Mycroft winced. “Yes, I feared the report would trouble you. There was little I could do. Any public message-board such as the agony column was sure to be watched. As I said, my opponent has a remarkably subtle mind.”

That gave me pause, to think that the messages Holmes and I had posted to each other might have been not only noticed, but understood. However, one would also have had to know where the bolt-holes were to trace us to them, and there this faceless opponent had met his limits.

“I knew you would return to London, once you had dealt with Brothers. With luck, you would even find me before I began to eat Mrs Melas’ leather chair. But you say that Brothers is not dead. How do you intend to find him?”

Brothers be damned
, I thought, and interrupted. “Did you send Mr Sosa away?”

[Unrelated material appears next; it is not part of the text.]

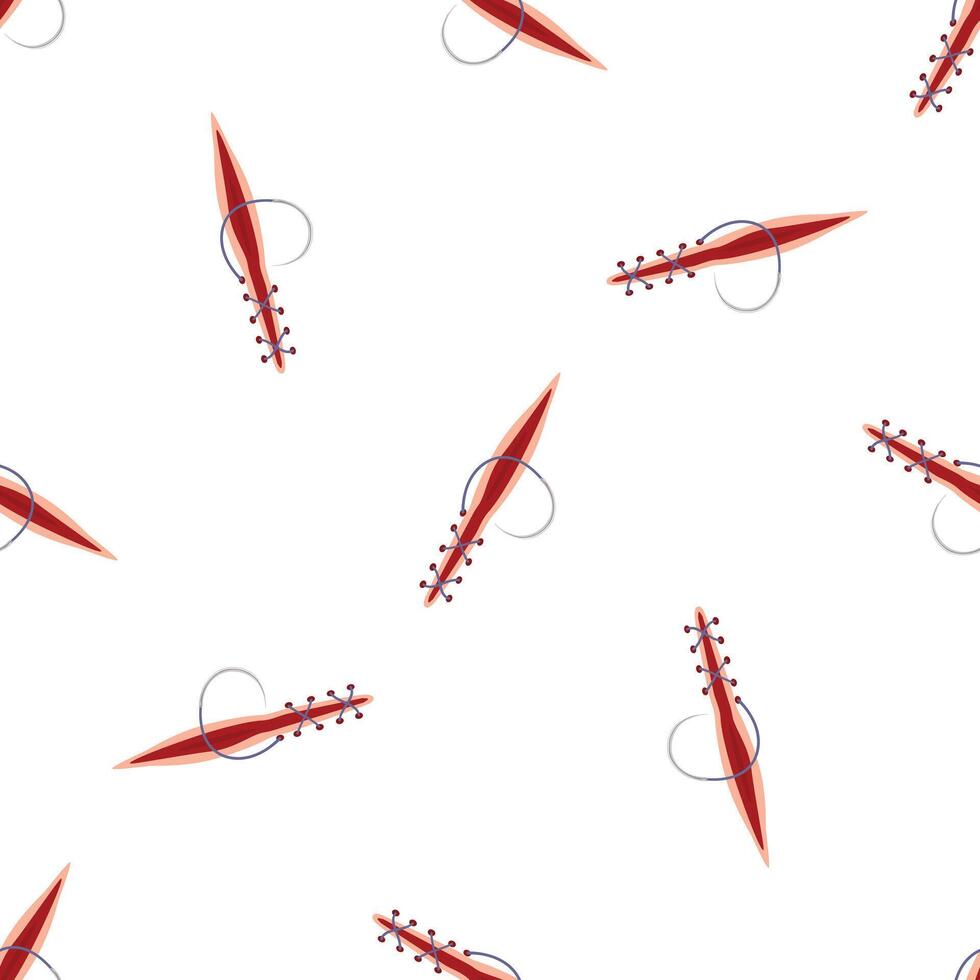 Surgical wound with stitches seamless pattern on white background vector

“On Thursday, it must have been,” Holmes noted. “Once he’d brought you the morning papers.”

“And food. Yes, I sent him to the country with his mother, and had him get into touch with your Mrs Hudson and my own Mrs Cowper. We have a wide number of acquaintances at the moment who are taking in distant scenery.”

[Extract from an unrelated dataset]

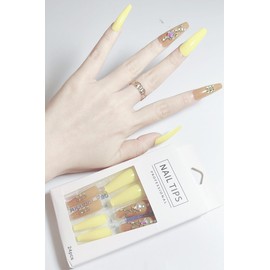 TINI STORE Press on Nails Medium Coffin Nails Press on Square Nails for Women, Long Fake Nails for Girls Solid Color Glue on Nails Long Acrylic Nails Set Natural False Nails in 24PCS (Yellow & Brown)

Poor Mrs Hudson, banished yet again for her own good. At least Dr Watson was out of it this time.

“We cannot afford any more hostages to fortune,” Holmes agreed.

“That was my thought. However, I had not suspected that Mr Sosa was made of such stern stuff. He returned to St James’s Square at mid-day on Thursday, where I had agreed to be available to him, were he to want me, and brought me a pair of Gladstone bags stuffed with edibles and the news. However, he was badly shaken: That morning he had decided that he could scarcely spend the day in the same shirt he had worn the day previous, and went home to pack a valise. There he found signs of a most expert break-in and the insinuation of several pieces of incriminating evidence amongst his things. He gathered his mother and fled; the two of them were in the mortuary van with her cat and canary. I gave him strict
orders to abandon the stolen motor and take her away for at least two weeks. After the invasion of his home, I believe he will obey me. I only hope I can talk him into returning to my employ, once this is over.”

“Good,” Holmes said to his brother. “Tell me, what do you propose to do about your faceless opponent?”

“Now that I have you, I’d thought—”

“Wait,” I said. Damian was lodged in Holland somewhere and Javitz was protecting Estelle—but if our opponent was all-knowing, there remained one member of our party to consider: “Goodman.”

The man attached to that name gave a snort and sat upright on the divan, blinking against the light. I said, “That is your family’s estate, in Cumberland, where you live?”

“My … yes.”

“You could be traced from there?”

He shrugged, to indicate its remote possibility. I turned to Holmes.

“If our opponent has figured out who Goodman is, and if he’s desperate enough, he could use them—the family is away, fortunately, but the servants are there, and vulnerable.”

Goodman snorted again, this time a sound of derision.
“That
family? Were he sane, a threat to a mere servant would not bend a son of the family. But mad? One cannot manipulate a madman. No sensible man would try.”

With that, he turned over on the divan and went back to sleep.